Wednesday, February 1st, 2012, 6:03 pm
GMDS for Surface Comparison: Approaching perfect Tests
Over the past two days I have running some more experiments that look at what can be refined for better performance. At some adjustments of the parameters it seems to hit the sweet spot for a couple dozen pairs, but then the errors start creeping in. Basically, pairs belonging to different people do not entail big enough a penalty, even when they are clearly quite different. I am getting closer though, to the extent one can given GMDS as the instrument of choice…
No classification mistakes were made after I had adjusted several parameters appropriately. Having explored high density sampling, I found that it works reasonably well at around 2000 vertices, 20 GMDS operations on each pair, and as many as 30 levels in the multi-scale approach (this does not take long with the C++ implementation).

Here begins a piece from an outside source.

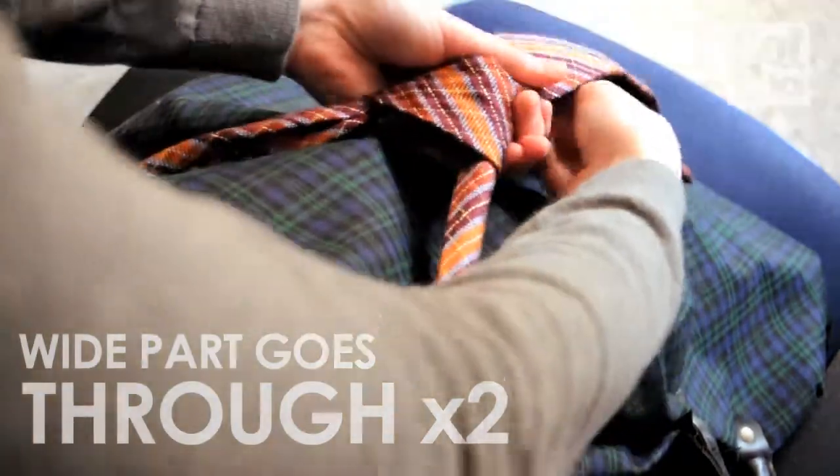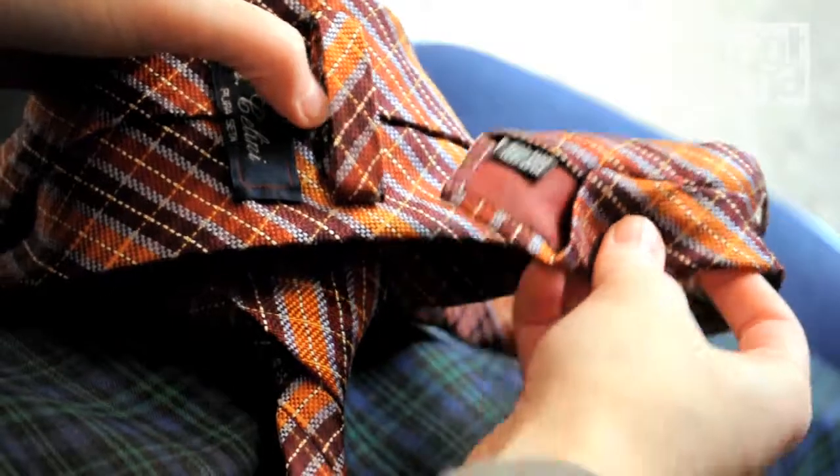Pull the narrow part to adjust. To finish it off, you can pull the narrow part through the loop on the wide part.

The performance achieved is quite satisfactory and after trying all kinds of masks I ended up with a new type of mask, one which is intentionally asymmetric so as to help GMDS not flip any faces over (around the Y axis, horizontally rather than vertically), thus always comparing like with like.

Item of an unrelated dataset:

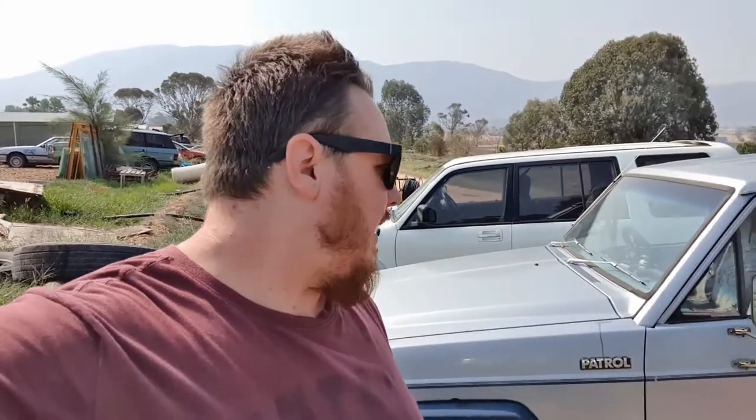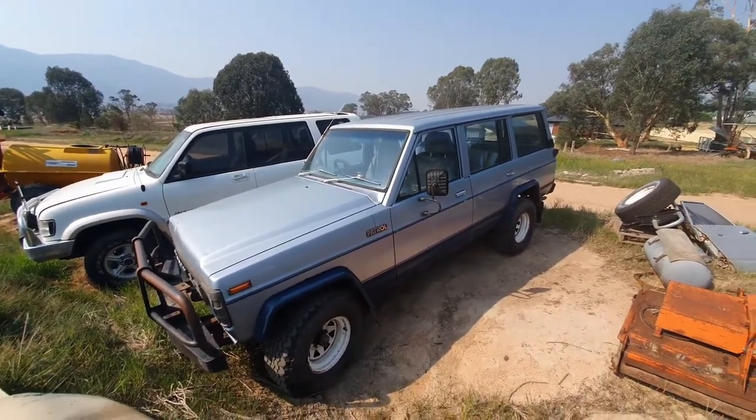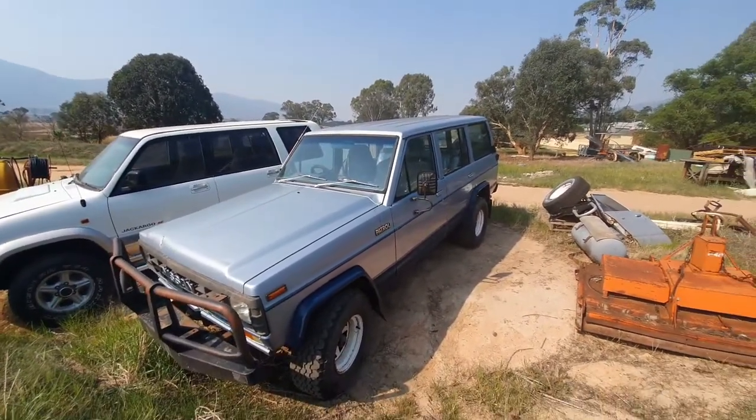After a number of months trying to get that going and planning to rebuild it, I instead did a diesel conversion — a turbo diesel. So it's got the SD33T in it now, and finally it should be ready to be registered. By the time this video comes out that will hopefully be the case.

I have made lots of progress although much of the progress was not documented in a detailed fashion. This was done in order to make improvements more rapid and not too dependent on formality.

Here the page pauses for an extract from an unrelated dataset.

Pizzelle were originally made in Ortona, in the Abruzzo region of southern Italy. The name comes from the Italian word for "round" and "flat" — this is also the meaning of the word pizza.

There is a lot more room for improvement, so these results are just a glimpse at the sort of level easily attained. Shown are the results from the latest experiments.
FMM-based method ROC curve
GMDS-based method ROC curve
More images and explanations will now follow.
A 20-layer approach before buxfixes
2 pairs after bugfixes
Mismatches after some bugfixes
Correct matches after some bugfixes
A 20-layer coarse correspondence check
Same as above but with smaller mask
Same as above but with further improvements
Currently I am looking at whether or not doubling the number of vertices again will lead to improvements. Previous experiments suggest that at a certain point it might leads to exacerbation.